* [RECORDS FOR THE EXERCISE]
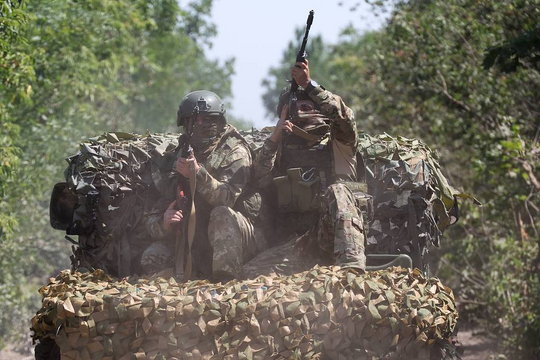 Quân Nga tăng cường tấn công Donetsk, quét sạch kho vũ khí của Ukraine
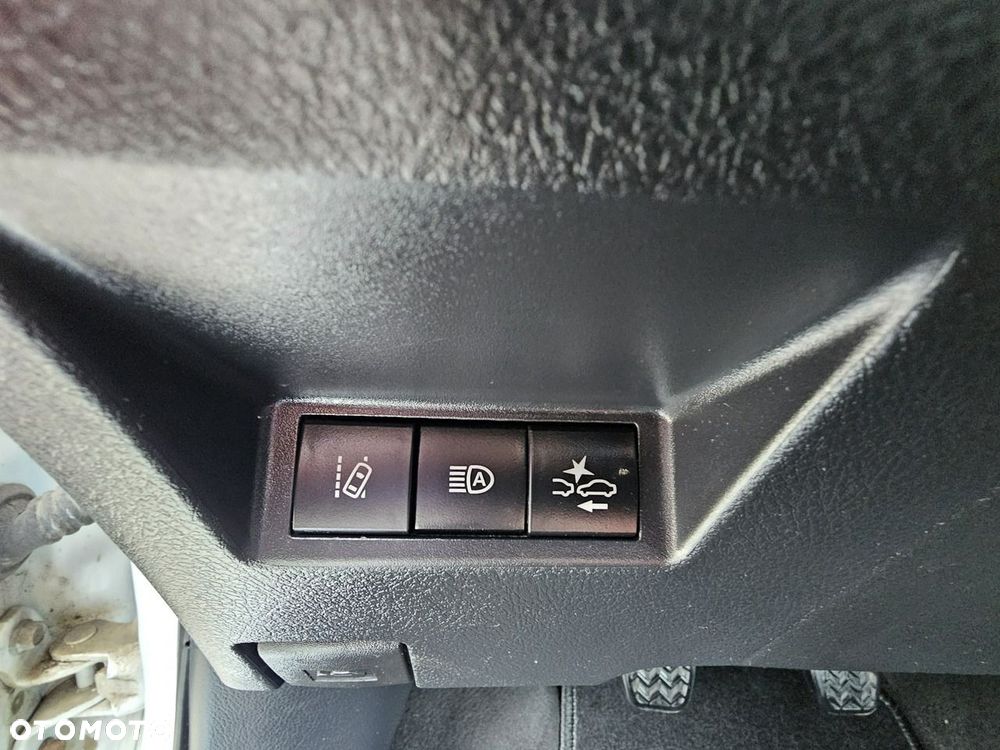 Toyota Yaris - 30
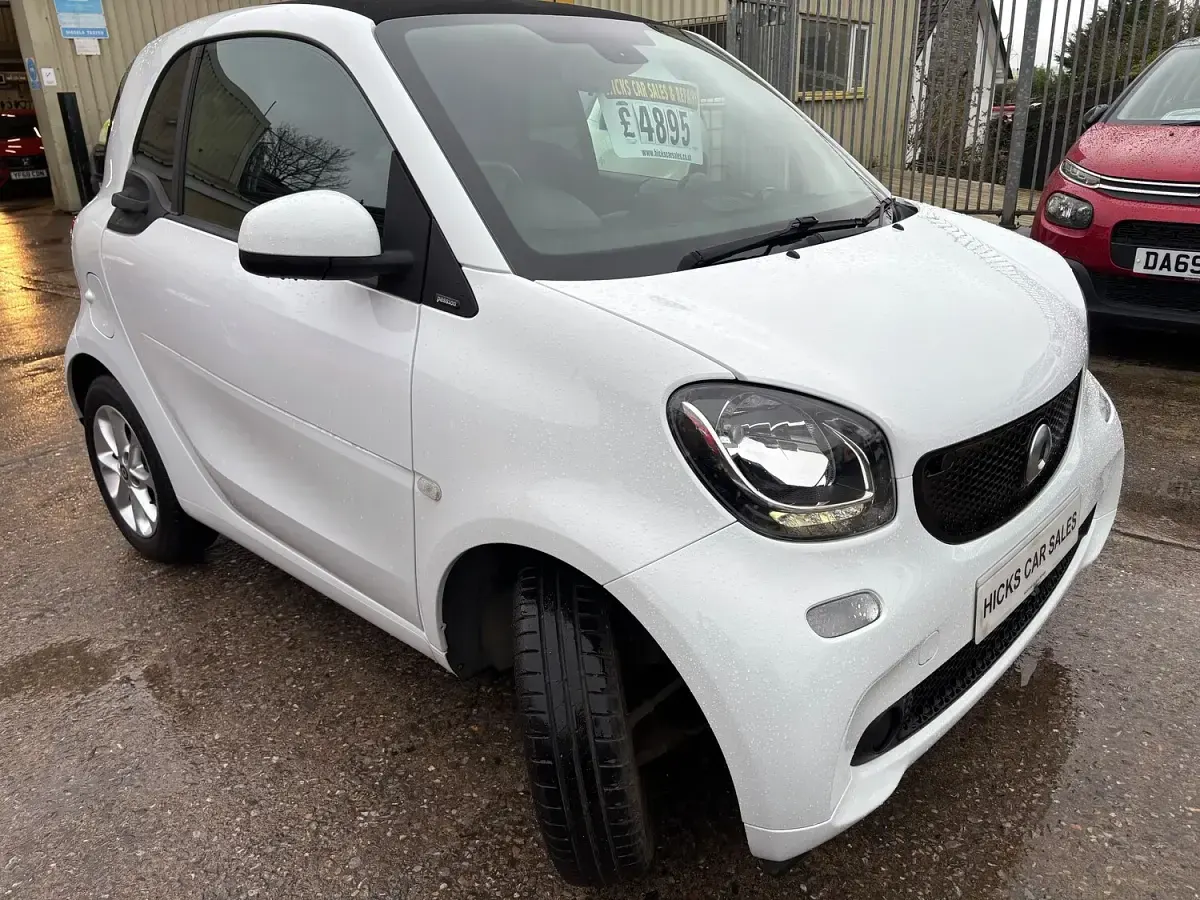 Used Smart ForTwo Coupé Passion 71 HP (52 kW) 2017 White Coupe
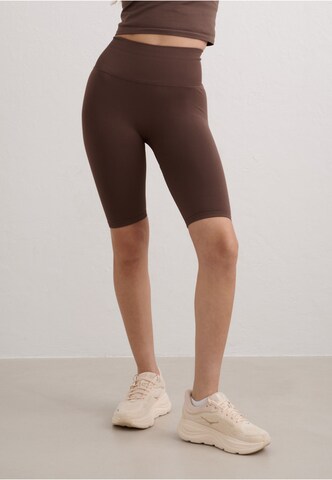 Skinny Pantalon de sport Aim'n en marron : devant
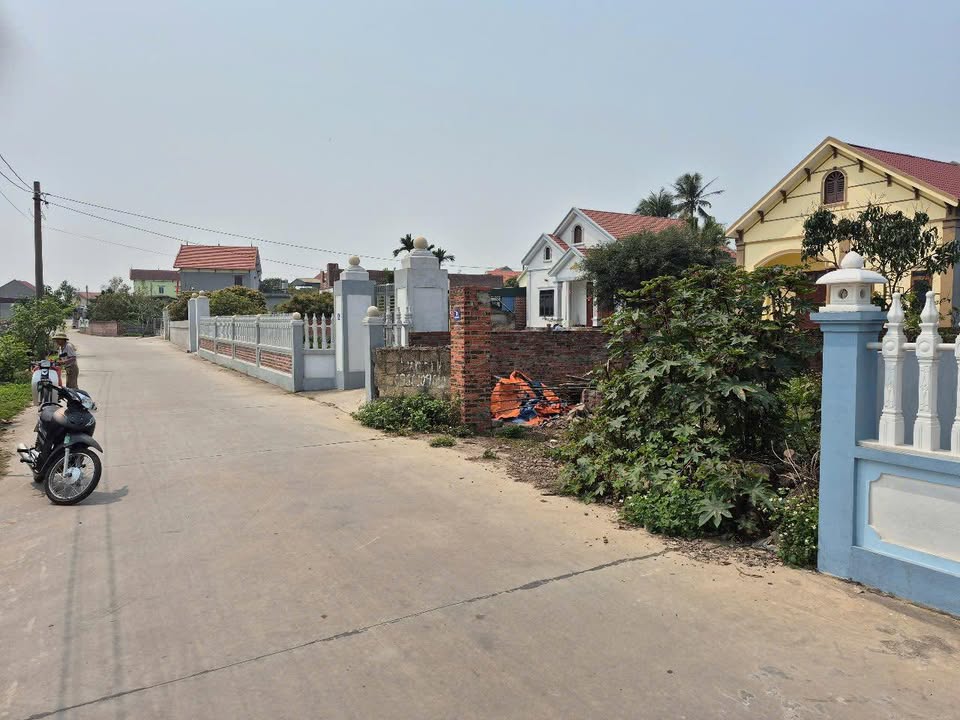 Đất thổ cư 320m² Hoàng Tiến chỉ 1 tỷ - Đường rộng thênh thang!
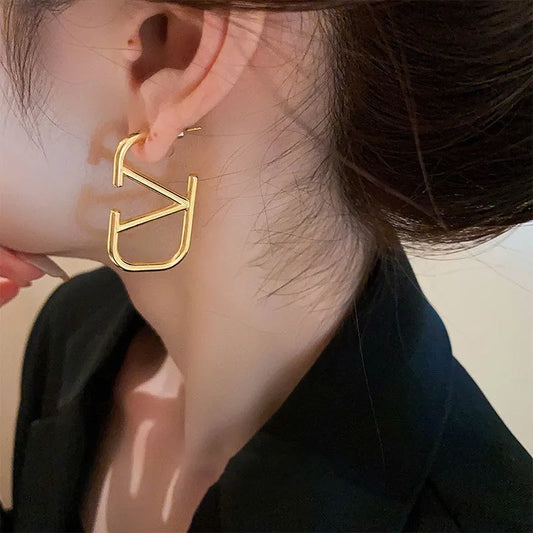 Modern Geometric Drop Earrings - Sleek and Stylish Design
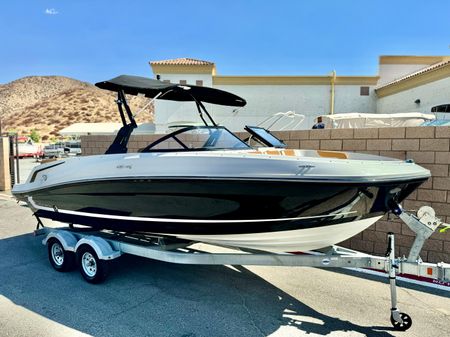 Bayliner VR6-BOWRIDER-I-O image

* [YOUR GOAL] Please return the whole listing exactly. Do not copy its images.

* [FINAL ANSWER]
 Quân Nga tăng cường tấn công Donetsk, quét sạch kho vũ khí của Ukraine
 Toyota Yaris - 30
 Used Smart ForTwo Coupé Passion 71 HP (52 kW) 2017 White Coupe
 Skinny Pantalon de sport Aim'n en marron : devant
 Đất thổ cư 320m² Hoàng Tiến chỉ 1 tỷ - Đường rộng thênh thang!
 Modern Geometric Drop Earrings - Sleek and Stylish Design
 Bayliner VR6-BOWRIDER-I-O image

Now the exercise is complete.